### Description of the task:
Everything from the line with "2008-2014 Cadillac Cts" to the final line of the entries is to be set down exactly, except the pictures.

Start of Records provided

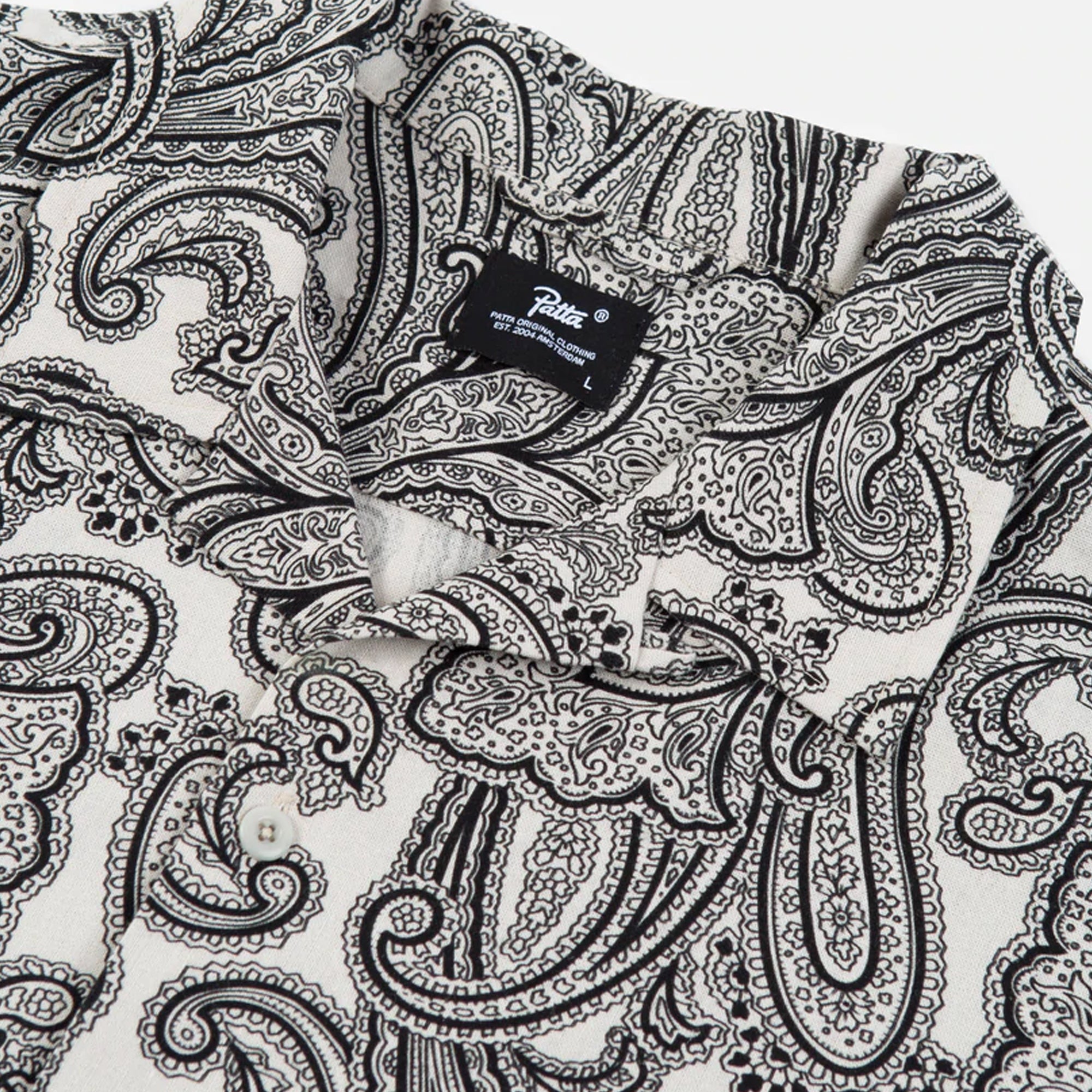 Patta Mens Silver Paisley Shortsleeve Shirt 'Silver Birch'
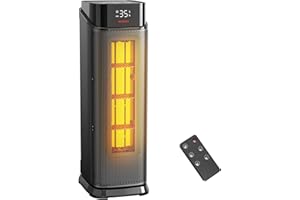 QEXREED Stufetta Elettrica Basso Consumo, 2000W PTC Stufa Elettrica, 4 Modalità, Modalità ECO, 90° Oscillazione, Timer 24H, Telecomando, Potente, Protezione da Surriscaldamento e Ribaltamento, Casa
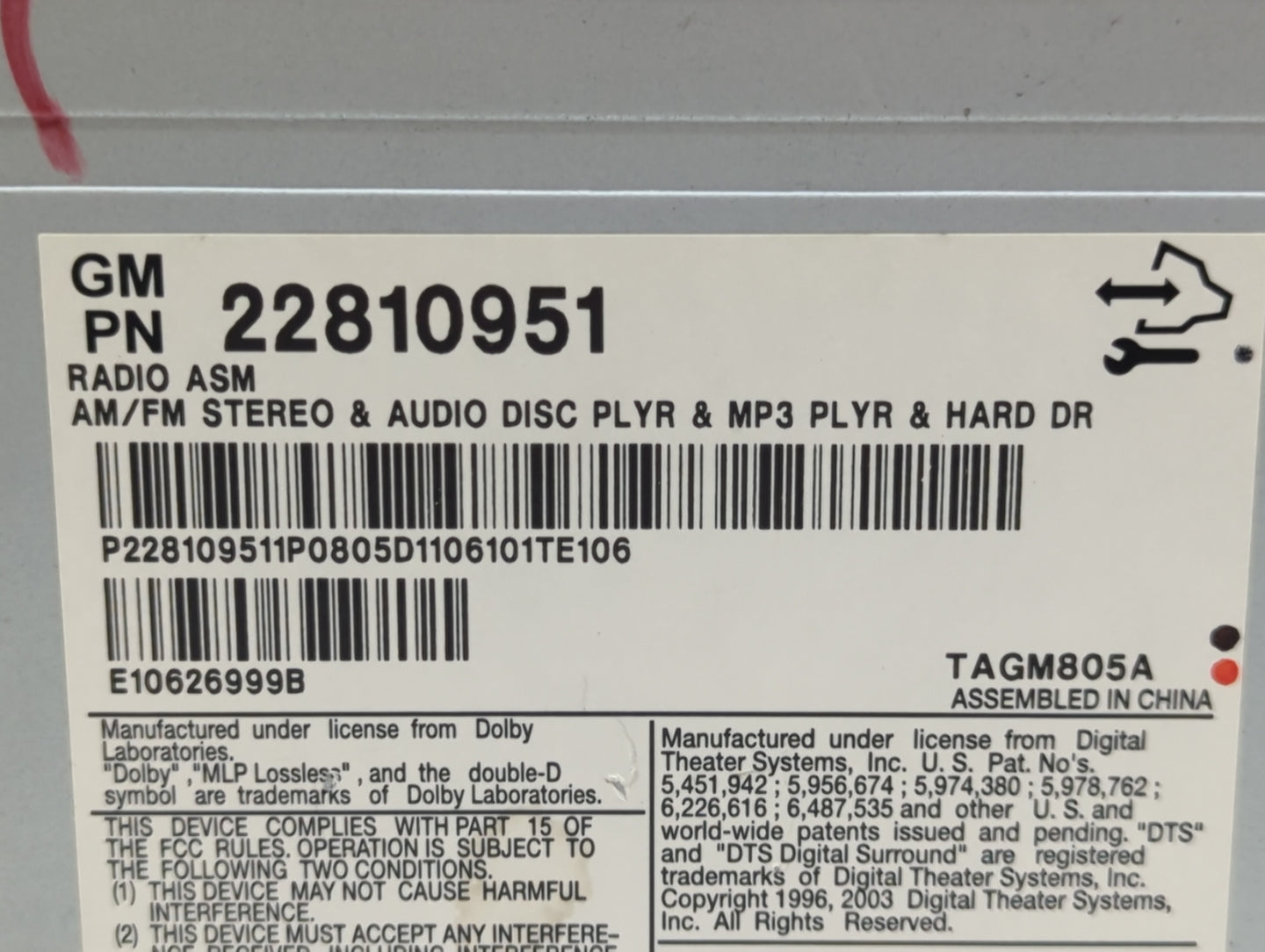 2008-2014 Cadillac Cts Radio AM FM Cd Player Receiver Replacement P/N:22810951 20988320 Fits OEM Used Auto Parts - Oemusedau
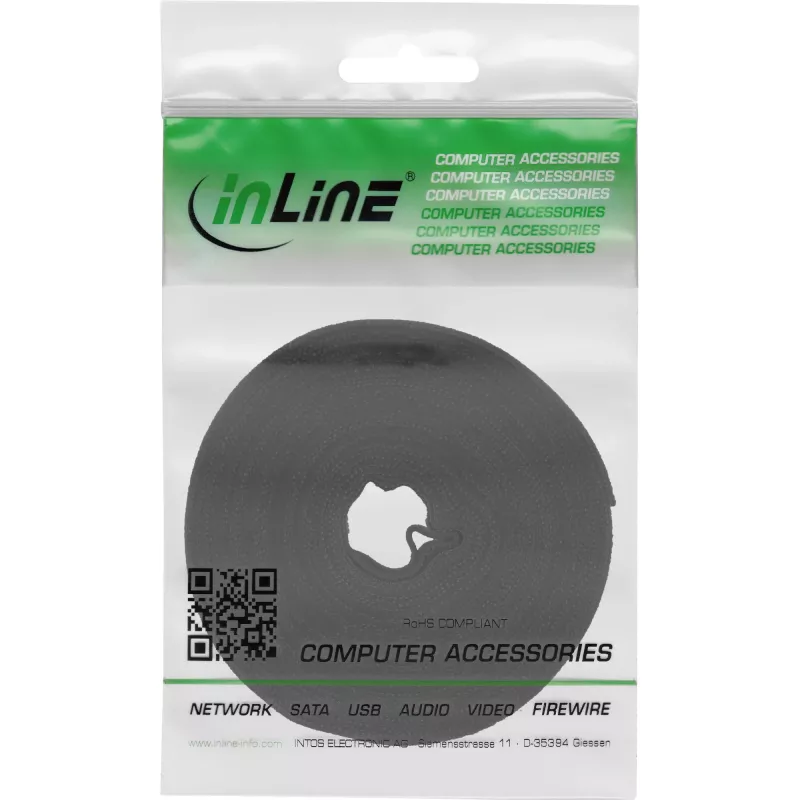 Abraçadeira InLine com fita de velcro 16 mm preto 10 m
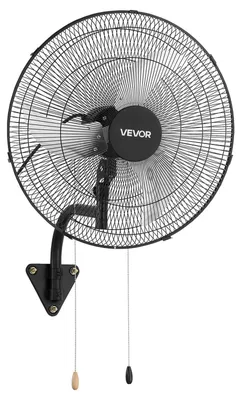 Productafbeelding van VEVOR 65W Industriële Wandventilator, 57 cm, 6 m/s. Oscillerende wandventilator met 3 standen en verstelbare hellingshoek. Geschikt voor commercieel gebruik in werkplaatsen, garages, opslagruimtes en sportscholen. Kleur: zwart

End of Records provided

### Finished task:
 2008-2014 Cadillac Cts Radio AM FM Cd Player Receiver Replacement P/N:22810951 20988320 Fits OEM Used Auto Parts - Oemusedau
 Abraçadeira InLine com fita de velcro 16 mm preto 10 m
 Productafbeelding van VEVOR 65W Industriële Wandventilator, 57 cm, 6 m/s. Oscillerende wandventilator met 3 standen en verstelbare hellingshoek. Geschikt voor commercieel gebruik in werkplaatsen, garages, opslagruimtes en sportscholen. Kleur: zwart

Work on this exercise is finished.